Cédric Wermuth, Co-Präsident der SP Schweiz, beobachtet die rhetorische Bewegung im bürgerlichen Lager interessiert. «Das Bewusstsein, dass wir hier in den nächsten Jahren etwas verändern müssen, ist relativ gross», konstatierte er im Radiointerview. Wermuth selber plädiert für die Option 2, also eine Reform des Kleingedruckten, wie er unlängst in einem Gastbeitrag zusammen mit Nationalrätin Sarah Wyss darlegte. Die beiden möchten die Schuldenbremse derart reformieren, dass die Budgetüberschüsse nicht mehr wie heute automatisch in den Abbau der Schulden fliessen. Eine bisher chancenlose Idee, von Linken vorgebracht. Aber eine Idee, die plötzlich gar nicht mehr so abwegig scheint.

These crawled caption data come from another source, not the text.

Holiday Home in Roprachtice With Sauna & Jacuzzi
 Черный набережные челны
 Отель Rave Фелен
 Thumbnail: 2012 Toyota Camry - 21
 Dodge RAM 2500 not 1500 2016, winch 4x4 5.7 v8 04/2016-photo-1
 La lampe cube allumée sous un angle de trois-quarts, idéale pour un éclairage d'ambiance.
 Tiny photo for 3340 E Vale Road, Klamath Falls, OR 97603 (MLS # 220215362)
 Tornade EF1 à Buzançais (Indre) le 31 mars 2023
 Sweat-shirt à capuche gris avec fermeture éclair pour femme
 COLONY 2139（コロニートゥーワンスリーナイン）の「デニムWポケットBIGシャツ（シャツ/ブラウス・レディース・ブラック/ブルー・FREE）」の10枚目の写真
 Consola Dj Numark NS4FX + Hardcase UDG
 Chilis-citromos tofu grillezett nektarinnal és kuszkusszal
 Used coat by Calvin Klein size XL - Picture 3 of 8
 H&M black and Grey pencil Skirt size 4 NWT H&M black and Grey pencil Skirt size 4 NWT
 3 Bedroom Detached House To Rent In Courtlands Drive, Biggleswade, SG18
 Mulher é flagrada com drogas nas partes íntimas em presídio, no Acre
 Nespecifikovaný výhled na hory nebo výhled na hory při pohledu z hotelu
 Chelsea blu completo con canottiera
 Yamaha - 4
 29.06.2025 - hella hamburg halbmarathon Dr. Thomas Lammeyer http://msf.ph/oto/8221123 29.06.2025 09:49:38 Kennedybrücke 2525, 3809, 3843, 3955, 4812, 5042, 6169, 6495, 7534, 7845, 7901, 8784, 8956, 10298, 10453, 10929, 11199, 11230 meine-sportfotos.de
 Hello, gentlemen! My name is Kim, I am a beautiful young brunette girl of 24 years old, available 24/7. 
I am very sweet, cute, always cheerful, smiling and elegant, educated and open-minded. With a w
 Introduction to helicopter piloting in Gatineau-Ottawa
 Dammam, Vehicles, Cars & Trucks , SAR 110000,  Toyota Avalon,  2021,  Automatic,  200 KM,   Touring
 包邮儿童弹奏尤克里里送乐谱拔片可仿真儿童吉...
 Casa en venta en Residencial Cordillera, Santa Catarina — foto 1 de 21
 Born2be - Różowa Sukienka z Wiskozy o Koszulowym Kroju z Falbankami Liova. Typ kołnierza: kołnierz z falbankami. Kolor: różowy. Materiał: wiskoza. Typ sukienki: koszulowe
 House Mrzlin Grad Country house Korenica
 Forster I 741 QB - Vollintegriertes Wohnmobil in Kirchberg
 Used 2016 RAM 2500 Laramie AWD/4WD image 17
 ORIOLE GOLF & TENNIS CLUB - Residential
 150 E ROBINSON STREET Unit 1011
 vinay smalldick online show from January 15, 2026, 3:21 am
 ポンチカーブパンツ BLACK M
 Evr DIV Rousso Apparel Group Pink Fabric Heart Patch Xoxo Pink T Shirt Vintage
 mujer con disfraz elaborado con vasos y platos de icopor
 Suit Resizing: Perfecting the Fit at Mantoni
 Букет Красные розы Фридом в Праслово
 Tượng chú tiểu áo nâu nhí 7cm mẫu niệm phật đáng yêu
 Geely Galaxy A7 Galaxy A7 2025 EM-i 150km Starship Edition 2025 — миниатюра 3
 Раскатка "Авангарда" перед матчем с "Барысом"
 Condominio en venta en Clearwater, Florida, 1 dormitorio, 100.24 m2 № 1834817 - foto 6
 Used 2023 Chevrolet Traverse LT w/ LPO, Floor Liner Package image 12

Nur bei der FDP, da bleibt man hart. Finanzministerin Karin Keller-Sutter hat in den letzten Wochen mehrfach betont, dass die Schuldenbremse für sie sakrosankt sei. Und auch ihr Parteipräsident Thierry Burkart weicht kein My von ihr ab. «Sie ist nicht nur identitätsstiftend. Sie garantiert auch den Handlungsspielraum für spätere Generationen und Krisenfälle.» 

Dass die Schuldenbremse Investitionen verhindern kann und die Finanzierung – beispielsweise der Armee – erschwert, davon will Burkart nichts hören. Nach dem Ja zur 13. AHV-Rente habe sich die Situation allerdings noch einmal stark verändert. Darum brauche es Einsparungen an verschiedenen Orten. Nun zieht er ein zusammengefaltetes A4-Blatt mit einer Liste aus der Innentasche seines Vestons. Filmförderung: 43 Millionen Franken. Zustellungsvergünstigungen: 50 Millionen Franken. Und, und, und. «Da hat es noch viele Punkte drauf. Auch Kleinvieh macht Mist!» 

Kein Sparvorschlag ist für Burkart zu gering oder zu abwegig, um die Schuldenbremse zu retten. Die «gute Freundin», sie soll noch etwas bleiben.

In der ersten Version des Artikels war der Name von René Scheu falsch geschrieben. Wir entschuldigen uns für den Fehler!